**Task**
The full set of entries should be repeated without a single change.

**Stored data**
╔══

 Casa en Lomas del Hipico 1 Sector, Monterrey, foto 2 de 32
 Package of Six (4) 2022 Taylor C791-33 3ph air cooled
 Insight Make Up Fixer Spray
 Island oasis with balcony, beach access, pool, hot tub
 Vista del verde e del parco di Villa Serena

╚══

**Expected output**
 Casa en Lomas del Hipico 1 Sector, Monterrey, foto 2 de 32
 Package of Six (4) 2022 Taylor C791-33 3ph air cooled
 Insight Make Up Fixer Spray
 Island oasis with balcony, beach access, pool, hot tub
 Vista del verde e del parco di Villa Serena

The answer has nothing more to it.